How severe does this issue affect your experience of using Ray?

  • High: It blocks me to complete my task.

I have used Ray 2.0.0 to train a simple FCNet of 2 layers (256, 256) and store the result in a checkpoint. Later, I read in the checkpoint using

algo = ppo.PPO(config = config, env = env)

This works great to do inferences, although the network’s performance is so-so. However, if I train a model with 3 layers, e.g. [300, 128, 64], then the training works well, but restoring the checkpoint for inference results in the following error message: ValueError: loaded state dict contains a parameter group that doesn't match the size of optimizer's group.

I feel like there’s a config item that I should be setting for the optimizer, or something, but don’t find any guidance in the Ray docs. I would be grateful to anyone who can provide some guidance.

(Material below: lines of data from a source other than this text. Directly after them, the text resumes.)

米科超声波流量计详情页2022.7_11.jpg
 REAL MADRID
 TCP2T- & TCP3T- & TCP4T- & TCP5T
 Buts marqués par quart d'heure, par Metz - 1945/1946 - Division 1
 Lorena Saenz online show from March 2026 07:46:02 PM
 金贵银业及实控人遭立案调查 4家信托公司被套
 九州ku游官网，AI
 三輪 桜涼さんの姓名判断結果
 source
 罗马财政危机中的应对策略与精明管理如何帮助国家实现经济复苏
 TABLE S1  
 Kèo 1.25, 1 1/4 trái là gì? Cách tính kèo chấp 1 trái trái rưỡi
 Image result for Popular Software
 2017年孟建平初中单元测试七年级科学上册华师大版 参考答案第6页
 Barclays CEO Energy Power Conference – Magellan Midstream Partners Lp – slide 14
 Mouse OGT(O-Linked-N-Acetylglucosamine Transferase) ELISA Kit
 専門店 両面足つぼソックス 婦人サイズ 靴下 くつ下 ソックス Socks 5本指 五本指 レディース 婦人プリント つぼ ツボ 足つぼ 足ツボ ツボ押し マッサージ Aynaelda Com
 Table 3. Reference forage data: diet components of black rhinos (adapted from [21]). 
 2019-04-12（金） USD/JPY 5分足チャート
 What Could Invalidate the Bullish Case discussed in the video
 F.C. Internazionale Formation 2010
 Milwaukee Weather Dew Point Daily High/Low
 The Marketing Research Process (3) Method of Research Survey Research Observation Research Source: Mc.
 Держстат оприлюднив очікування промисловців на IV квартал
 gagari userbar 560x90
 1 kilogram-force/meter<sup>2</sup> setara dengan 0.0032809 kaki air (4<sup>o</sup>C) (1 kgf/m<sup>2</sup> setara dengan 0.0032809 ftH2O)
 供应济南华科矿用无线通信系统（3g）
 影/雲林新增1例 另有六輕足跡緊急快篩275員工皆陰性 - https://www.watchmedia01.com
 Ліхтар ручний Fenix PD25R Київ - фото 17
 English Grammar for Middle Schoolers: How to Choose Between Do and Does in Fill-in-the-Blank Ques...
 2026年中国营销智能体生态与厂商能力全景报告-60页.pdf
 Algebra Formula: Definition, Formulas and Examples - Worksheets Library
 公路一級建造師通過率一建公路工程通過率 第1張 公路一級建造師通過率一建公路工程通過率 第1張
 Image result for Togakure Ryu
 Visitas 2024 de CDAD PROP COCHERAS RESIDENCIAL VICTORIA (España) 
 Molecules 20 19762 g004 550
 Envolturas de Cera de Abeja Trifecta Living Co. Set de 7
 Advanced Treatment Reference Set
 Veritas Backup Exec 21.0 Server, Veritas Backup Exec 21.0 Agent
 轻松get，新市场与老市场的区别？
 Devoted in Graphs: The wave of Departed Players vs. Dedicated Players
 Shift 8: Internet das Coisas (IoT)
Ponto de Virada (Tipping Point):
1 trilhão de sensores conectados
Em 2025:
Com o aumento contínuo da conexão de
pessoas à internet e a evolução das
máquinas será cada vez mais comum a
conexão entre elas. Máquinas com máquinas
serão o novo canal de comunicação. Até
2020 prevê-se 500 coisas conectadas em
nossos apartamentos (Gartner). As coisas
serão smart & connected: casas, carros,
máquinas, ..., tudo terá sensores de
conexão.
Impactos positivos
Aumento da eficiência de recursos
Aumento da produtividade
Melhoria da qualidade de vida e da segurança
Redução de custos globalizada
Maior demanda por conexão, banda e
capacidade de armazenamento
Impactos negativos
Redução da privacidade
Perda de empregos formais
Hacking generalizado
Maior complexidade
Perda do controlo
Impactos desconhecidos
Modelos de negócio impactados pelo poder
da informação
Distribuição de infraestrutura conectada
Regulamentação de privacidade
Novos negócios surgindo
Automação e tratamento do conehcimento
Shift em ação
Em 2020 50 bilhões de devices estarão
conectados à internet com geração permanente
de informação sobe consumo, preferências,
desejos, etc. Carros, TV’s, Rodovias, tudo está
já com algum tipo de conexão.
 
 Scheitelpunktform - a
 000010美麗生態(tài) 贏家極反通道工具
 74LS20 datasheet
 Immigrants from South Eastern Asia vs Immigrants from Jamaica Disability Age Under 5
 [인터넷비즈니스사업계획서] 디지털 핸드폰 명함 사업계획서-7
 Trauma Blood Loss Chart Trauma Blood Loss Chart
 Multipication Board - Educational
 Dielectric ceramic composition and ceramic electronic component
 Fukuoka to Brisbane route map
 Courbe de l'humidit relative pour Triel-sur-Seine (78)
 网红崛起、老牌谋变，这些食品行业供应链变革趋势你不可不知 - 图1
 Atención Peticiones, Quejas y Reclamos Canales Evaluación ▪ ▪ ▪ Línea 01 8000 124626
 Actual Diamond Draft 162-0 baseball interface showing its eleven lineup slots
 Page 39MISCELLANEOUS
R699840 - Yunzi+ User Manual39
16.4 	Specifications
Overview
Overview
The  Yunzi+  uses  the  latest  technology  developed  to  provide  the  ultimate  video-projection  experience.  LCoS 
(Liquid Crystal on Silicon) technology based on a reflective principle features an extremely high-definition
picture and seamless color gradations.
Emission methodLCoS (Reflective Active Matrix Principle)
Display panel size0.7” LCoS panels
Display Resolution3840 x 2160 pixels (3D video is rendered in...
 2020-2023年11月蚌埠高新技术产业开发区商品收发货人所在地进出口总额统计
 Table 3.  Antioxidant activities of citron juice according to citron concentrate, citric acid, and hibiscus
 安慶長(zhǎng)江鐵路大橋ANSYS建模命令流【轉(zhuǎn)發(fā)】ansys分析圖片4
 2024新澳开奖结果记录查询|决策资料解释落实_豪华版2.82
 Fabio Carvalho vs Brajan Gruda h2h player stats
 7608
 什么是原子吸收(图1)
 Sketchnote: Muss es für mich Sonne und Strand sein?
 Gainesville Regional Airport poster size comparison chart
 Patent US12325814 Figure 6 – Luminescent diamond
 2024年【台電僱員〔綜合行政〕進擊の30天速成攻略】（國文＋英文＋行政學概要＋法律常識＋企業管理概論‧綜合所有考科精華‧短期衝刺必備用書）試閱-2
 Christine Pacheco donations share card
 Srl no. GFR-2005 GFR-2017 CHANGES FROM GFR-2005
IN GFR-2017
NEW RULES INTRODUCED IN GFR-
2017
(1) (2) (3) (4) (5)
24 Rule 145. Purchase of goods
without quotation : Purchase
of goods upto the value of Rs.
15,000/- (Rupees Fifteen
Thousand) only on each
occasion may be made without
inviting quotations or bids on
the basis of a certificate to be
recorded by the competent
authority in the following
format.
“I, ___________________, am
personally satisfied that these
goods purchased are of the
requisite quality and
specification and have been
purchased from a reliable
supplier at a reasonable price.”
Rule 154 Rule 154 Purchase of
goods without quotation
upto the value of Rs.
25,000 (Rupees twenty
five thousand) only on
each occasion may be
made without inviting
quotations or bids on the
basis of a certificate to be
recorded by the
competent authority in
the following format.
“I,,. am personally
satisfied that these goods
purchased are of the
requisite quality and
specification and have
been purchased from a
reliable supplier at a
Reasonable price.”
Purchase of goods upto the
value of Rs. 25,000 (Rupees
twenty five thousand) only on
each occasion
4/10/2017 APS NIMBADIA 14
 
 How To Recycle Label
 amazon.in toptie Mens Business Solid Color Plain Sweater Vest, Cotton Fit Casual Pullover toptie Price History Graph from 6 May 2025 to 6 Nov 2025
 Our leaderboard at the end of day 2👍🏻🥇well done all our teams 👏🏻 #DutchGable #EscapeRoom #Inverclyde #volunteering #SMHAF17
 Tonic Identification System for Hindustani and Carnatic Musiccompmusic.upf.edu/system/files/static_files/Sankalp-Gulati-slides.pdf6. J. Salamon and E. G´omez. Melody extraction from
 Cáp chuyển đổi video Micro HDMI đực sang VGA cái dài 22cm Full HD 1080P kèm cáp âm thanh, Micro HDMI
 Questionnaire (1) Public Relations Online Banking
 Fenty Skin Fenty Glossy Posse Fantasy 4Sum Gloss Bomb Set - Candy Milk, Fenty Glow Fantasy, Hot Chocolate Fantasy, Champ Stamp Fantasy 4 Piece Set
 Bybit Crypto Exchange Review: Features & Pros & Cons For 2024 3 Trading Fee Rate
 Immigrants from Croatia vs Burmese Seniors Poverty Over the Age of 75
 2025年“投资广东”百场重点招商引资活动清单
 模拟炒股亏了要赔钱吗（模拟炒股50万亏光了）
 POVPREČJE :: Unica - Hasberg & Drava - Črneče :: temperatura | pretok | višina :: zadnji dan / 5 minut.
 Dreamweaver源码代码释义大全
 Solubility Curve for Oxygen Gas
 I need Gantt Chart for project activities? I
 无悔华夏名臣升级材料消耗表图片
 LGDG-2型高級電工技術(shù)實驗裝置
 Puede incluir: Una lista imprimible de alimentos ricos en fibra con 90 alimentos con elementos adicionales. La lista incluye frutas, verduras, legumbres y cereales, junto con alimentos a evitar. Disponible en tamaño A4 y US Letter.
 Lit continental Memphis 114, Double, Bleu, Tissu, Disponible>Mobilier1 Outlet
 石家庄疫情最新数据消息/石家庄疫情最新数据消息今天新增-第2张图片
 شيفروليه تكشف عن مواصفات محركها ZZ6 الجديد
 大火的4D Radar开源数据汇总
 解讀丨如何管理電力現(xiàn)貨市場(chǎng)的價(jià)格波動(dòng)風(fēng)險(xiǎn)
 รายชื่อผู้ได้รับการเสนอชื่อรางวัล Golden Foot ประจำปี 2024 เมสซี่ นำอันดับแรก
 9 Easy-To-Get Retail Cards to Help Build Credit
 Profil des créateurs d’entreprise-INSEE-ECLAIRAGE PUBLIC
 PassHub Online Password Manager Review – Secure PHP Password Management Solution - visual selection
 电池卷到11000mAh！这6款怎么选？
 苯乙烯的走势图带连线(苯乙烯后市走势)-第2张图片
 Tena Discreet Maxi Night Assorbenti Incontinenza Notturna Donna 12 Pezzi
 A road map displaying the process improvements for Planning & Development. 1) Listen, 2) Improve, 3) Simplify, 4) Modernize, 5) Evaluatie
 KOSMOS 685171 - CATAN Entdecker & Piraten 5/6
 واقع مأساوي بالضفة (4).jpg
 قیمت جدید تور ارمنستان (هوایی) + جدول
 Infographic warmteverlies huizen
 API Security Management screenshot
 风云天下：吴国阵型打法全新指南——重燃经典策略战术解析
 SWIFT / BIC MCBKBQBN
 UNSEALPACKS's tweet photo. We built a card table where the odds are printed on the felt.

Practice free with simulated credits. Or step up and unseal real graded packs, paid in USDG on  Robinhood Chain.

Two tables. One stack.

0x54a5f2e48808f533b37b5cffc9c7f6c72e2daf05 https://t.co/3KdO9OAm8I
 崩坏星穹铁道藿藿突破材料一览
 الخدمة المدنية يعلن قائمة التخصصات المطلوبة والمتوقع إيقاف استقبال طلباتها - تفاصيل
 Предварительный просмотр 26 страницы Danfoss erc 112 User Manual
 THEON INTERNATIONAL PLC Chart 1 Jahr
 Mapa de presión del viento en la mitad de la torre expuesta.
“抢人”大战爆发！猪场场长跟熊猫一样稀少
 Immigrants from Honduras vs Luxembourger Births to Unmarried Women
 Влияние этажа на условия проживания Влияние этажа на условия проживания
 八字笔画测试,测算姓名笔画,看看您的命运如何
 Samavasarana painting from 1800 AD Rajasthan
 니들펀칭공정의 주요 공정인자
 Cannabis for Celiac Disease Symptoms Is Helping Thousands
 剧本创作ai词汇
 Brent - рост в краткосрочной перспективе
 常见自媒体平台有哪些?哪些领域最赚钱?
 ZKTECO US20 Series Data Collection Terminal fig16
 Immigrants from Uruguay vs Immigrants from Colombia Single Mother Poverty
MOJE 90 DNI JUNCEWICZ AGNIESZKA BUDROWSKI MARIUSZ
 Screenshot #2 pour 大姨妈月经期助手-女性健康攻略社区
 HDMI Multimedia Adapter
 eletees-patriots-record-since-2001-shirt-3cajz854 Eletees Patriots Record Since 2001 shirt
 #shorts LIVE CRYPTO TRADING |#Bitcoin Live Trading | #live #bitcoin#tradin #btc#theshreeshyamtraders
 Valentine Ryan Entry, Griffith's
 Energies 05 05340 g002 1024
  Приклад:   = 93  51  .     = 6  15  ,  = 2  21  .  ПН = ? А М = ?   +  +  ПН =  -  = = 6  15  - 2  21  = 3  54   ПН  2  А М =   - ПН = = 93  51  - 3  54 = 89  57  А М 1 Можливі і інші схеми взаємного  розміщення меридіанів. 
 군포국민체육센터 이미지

Lightbulb - the checkpoint is correctly storing the 3 layers of network structure, and associated info for the optimizer. What I was missing is in creating the algo I only used the default PPO config parameters, which specifies a 2-layer network. So the restore() method was trying to load a 3-layer checkpoint into a 2-layer structure. Once I specify config["model"]["fcnet_hiddens"] = [300, 128, 64] prior to creating algo, the restore works just fine.